▶ [Prompt]: Return the data word for word. Pictures are to be omitted.

▶ [Provided material]:
=== Section Start ===

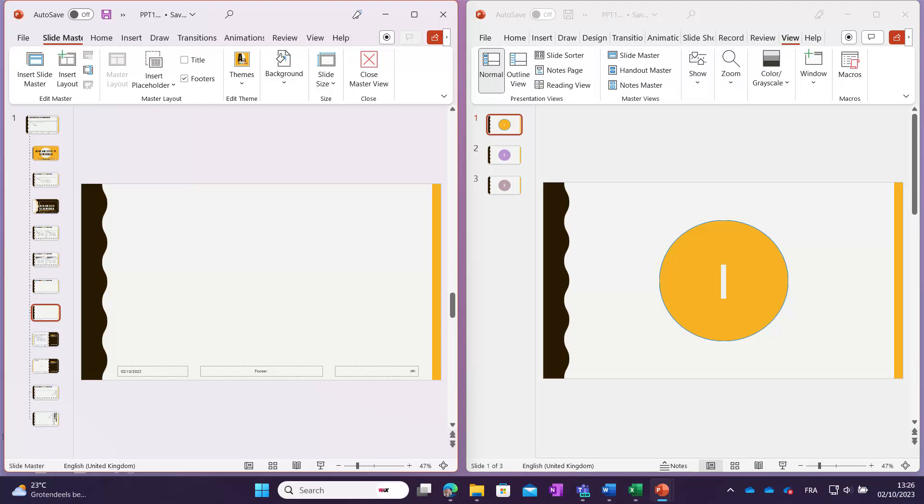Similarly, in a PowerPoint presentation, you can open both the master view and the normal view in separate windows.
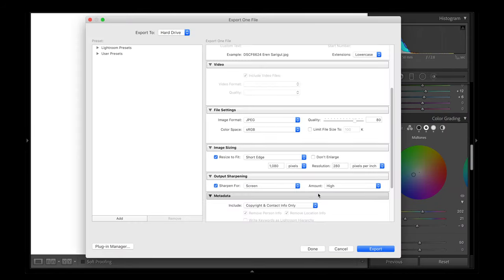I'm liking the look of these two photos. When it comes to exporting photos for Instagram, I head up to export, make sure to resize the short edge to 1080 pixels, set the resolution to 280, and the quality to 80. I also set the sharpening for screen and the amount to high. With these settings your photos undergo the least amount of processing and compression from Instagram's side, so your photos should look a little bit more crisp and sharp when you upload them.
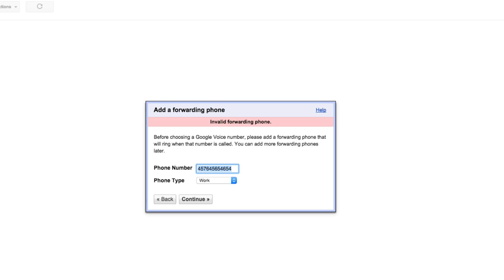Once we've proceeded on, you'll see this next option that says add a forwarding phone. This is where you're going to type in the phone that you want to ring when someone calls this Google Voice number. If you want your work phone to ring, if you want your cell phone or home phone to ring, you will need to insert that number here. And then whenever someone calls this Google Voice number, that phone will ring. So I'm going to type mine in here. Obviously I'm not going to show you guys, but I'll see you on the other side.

=== Section End ===

▶ [Output]:
Similarly, in a PowerPoint presentation, you can open both the master view and the normal view in separate windows.
I'm liking the look of these two photos. When it comes to exporting photos for Instagram, I head up to export, make sure to resize the short edge to 1080 pixels, set the resolution to 280, and the quality to 80. I also set the sharpening for screen and the amount to high. With these settings your photos undergo the least amount of processing and compression from Instagram's side, so your photos should look a little bit more crisp and sharp when you upload them.
Once we've proceeded on, you'll see this next option that says add a forwarding phone. This is where you're going to type in the phone that you want to ring when someone calls this Google Voice number. If you want your work phone to ring, if you want your cell phone or home phone to ring, you will need to insert that number here. And then whenever someone calls this Google Voice number, that phone will ring. So I'm going to type mine in here. Obviously I'm not going to show you guys, but I'll see you on the other side.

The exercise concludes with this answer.